Insertion rules & safety

  • Struct docs: Placed above the attribute block (#[derive], #[serde], …) so attributes remain directly attached to the struct item. One optional blank line may be kept above the attribute block for readability.
  • Field docs: Placed above the field, and above any field attributes. Indentation matches the field line so the comments are visually aligned.
  • Function docs: Inserted directly above the fn signature; if there’s a single blank line immediately above, it’s absorbed into the doc block.
  • Overwrite behavior:
  • With --overwrite off (default), items that already have docs are skipped.
  • With --overwrite on, only the existing doc lines are replaced; attributes remain intact.
  • Bottom-up edits: All edits per file are sorted by descending byte offset, so earlier patches don’t shift the spans of later ones.

Output artifacts

  • target/llm_rustdocs/docs.json — a structured dump of everything generated:
[
  {
    "kind": "fn" | "struct",
    "fqpath": "...",
    "file": "src/...rs",
    "start_line": 123,
    "end_line": 167,
    "signature": "pub fn ...",
    "callers": [...],
    "referenced_symbols": [...],
    "llm_doc": "/// lines...\n/// ...",
    "had_existing_doc": false
  }
]

Template tips

  • Function template (rustdoc_fn) Have - assistant return only a /// block (no backticks, no prose outside).

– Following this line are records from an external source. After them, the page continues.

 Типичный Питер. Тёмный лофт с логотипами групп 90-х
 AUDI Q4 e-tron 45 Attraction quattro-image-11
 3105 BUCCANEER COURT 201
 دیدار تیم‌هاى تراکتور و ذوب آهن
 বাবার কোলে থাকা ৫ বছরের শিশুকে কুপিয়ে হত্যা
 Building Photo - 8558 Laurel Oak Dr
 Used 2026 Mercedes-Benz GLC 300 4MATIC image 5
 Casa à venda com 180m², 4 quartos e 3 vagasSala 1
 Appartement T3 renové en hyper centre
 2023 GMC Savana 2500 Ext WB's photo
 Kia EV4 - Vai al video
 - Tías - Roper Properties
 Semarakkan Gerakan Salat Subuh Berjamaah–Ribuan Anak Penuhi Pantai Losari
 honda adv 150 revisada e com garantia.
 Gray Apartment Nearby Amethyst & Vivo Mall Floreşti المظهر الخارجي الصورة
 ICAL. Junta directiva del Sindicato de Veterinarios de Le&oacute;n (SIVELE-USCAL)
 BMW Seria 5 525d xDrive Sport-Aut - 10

Encourage:
  • 1–2 sentence summary,
  • Optional sections: Parameters:, Returns:, Errors:, Safety:, Notes:, Examples:,
  • Doc-test friendly examples (no fenced code unless necessary),
  • Avoid leading empty ///.
  • Struct template (rustdoc_struct) Use t- response_format JSON schema shown above. In your instructions:
  • Provide the full struct body and a list of functions that use the struct (to help write the field docs).
  • Ask for concise prose (doc) and a fields[] array.
  • Tell the model not to duplicate the type, unless needed for semantics (units, invariants, ranges).
  • Ask it to return only JSON.

Behavior that prevents mangling

  • Wrapper token stripping is only applied at line starts and outside fences, and is skipped if the payload already looks like a rustdoc block.
  • Sanitization:
  • Collapses repeated blank lines into single ///,
  • Ensures every line starts with ///,
  • Removes a single leading blank /// if present,
  • Balances code fences (/// rust … `/// ),
  • Leaves inline code alone.

Troubleshooting

  • Attributes were moved/removed:
    • Struct and field patchers only target doc lines and are designed to leave #[...] blocks untouched. If you see attributes removed, verify your template didn’t emit attribute-like text and that you’re not running another formatter concurrently.
  • A single struct looks garbled: -This usually means the model emitted stray characters or mixed prose when it should have returned only JSON (for structs). Tighten the response_format constraints and system rules; consider enabling strict: true.
  • No fields were commented:
    • Ensure your struct template returns the fields[] array with exact field names as they appear in the code. The patcher only inserts for names it can find.
  • Function analysis is slow:
    • Try --no-calls and/or --no-paths to skip ast-grep passes.

Limitations

  • The tool assumes reasonably idiomatic Rust formatting for matching signatures and fields.
  • Exotic macro-expanded items may not be discoverable or patchable.
  • The field matcher is heuristic; very complex multi-line field definitions may require tweaks.